• _REQUIRED ACTION_
In the listing below, locate the line that contains "Two in One Relay crop trial results" and the line that contains "ヒラドツツジ 平戸躑躅 Flower Photo3". Restate word for word those two lines and every line between them, and nothing else.

• _EXTRACTED MATERIAL_
※ ※ ※

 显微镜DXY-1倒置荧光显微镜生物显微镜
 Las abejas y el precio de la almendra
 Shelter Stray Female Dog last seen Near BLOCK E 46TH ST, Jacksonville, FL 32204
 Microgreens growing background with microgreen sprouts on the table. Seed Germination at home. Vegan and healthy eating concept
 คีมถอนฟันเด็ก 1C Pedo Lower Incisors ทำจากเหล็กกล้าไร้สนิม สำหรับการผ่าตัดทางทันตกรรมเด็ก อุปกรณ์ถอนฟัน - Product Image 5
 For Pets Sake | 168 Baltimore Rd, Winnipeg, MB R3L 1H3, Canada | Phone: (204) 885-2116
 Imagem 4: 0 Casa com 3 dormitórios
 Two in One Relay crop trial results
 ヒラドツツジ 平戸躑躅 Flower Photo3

※ ※ ※

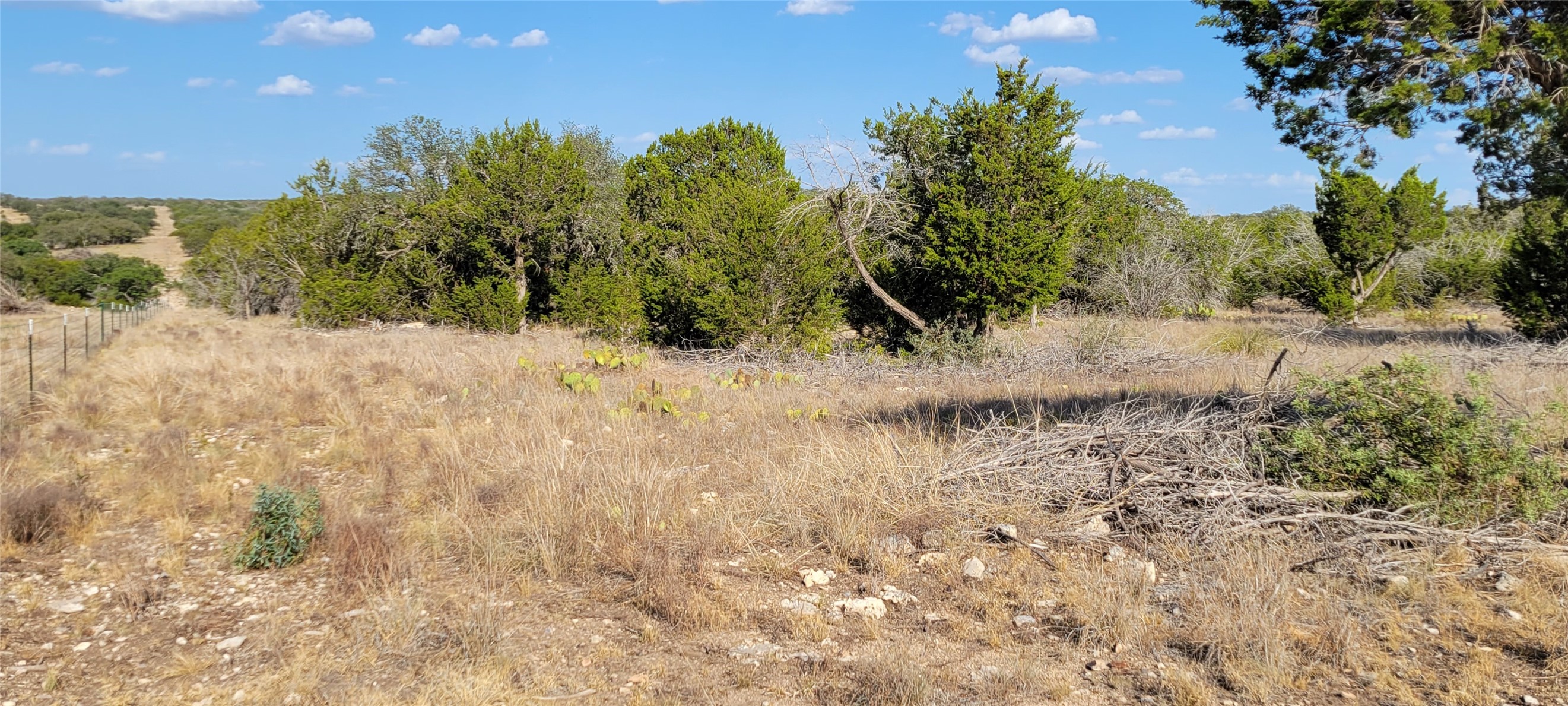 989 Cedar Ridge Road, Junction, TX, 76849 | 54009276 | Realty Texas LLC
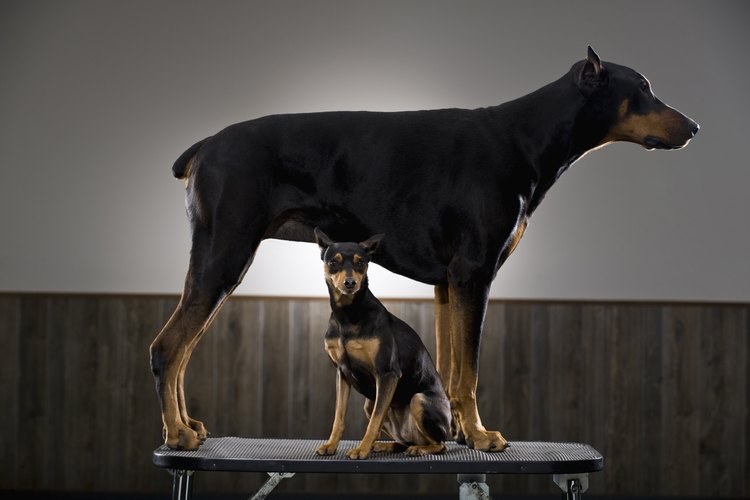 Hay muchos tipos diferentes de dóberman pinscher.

※ ※ ※

• _SOLUTION TO THE PROBLEM_
 Two in One Relay crop trial results
 ヒラドツツジ 平戸躑躅 Flower Photo3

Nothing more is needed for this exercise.